Issue #277, May 2017

Which of these data points doesn't belong? Machine learning can tell you.

In my the last few articles, I've looked at a number of ways machine learning can help make predictions. The basic idea is that you create a model using existing data and then ask that model to predict an outcome based on new data.

So, it's not surprising that one of the most amazing ways machine learning is being applied is in predicting the future. Just a few days before writing this piece, it was announced that machine learning models actually might be able to predict earthquakes—a goal that has eluded scientists for many years and that has the potential to save thousands, and maybe even millions, of lives.

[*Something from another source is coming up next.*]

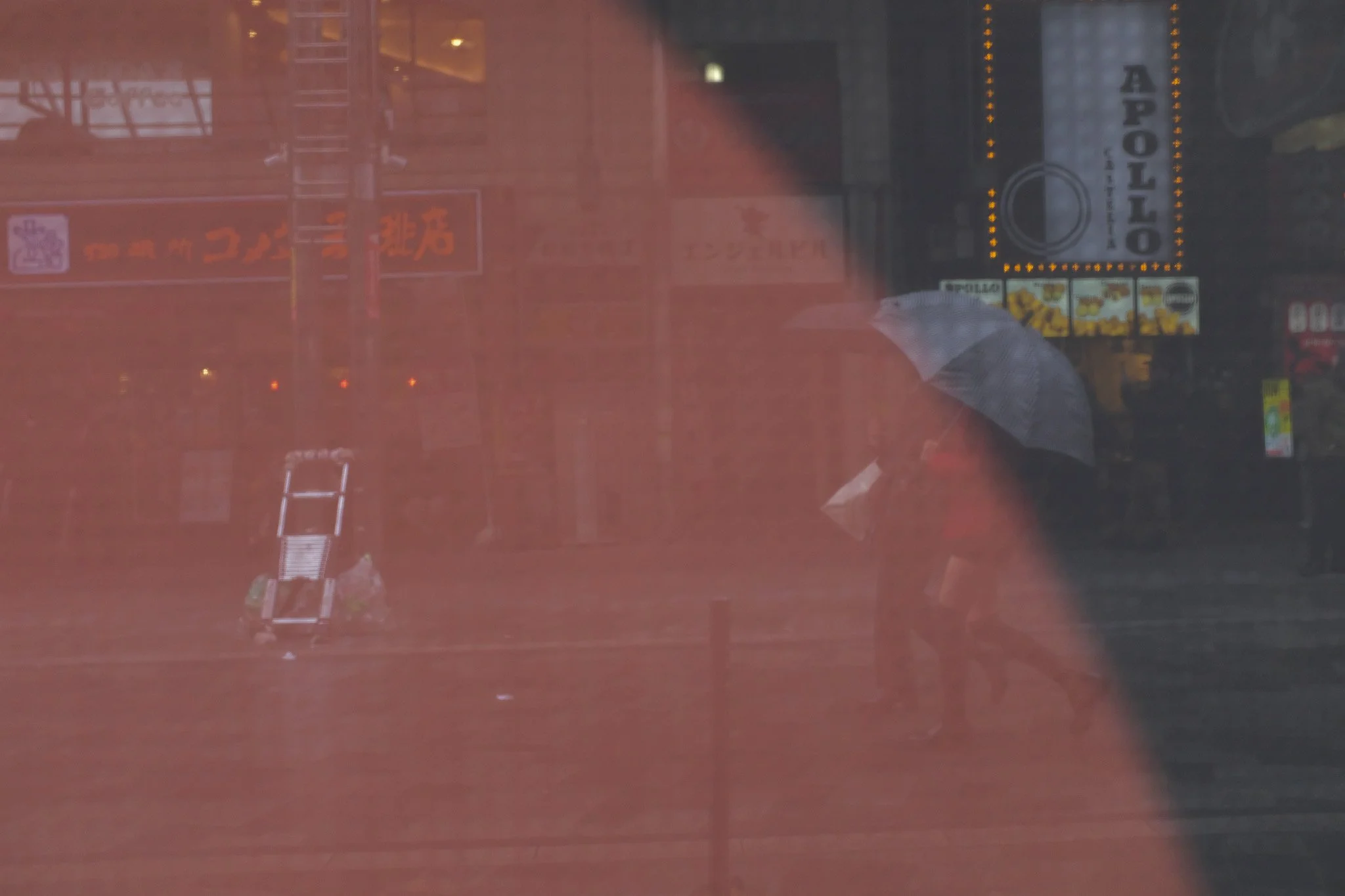 Orange Haze | Sannomiya | 2026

But as you've also seen, machine learning can be used to “cluster” data—that is, to find patterns that humans either can't or won't see, and to try to put the data into various “clusters”, or machine-driven categories. By asking the computer to divide data into distinct groups, you gain the opportunity to find and make use of previously undetected patterns.

Just as clustering can be used to divide data into a number of coherent groups, it also can be used to decide which data points belong inside a group and which don't. In “novelty detection”, you have a data set that contains only good data, and you're trying to determine whether new observations fit within the existing data set. In “outlier detection”, the data may contain outliers, which you want to identify.

Where could such detection be useful? Consider just a few questions you could answer with such a system:

Are there an unusual amount of login attempts from a particular IP address?

Are any customers buying more than the typical number of products at a given hour?

Which homes are consuming above-average amounts of water during a drought?

Which judges convict an unusual number of defendants?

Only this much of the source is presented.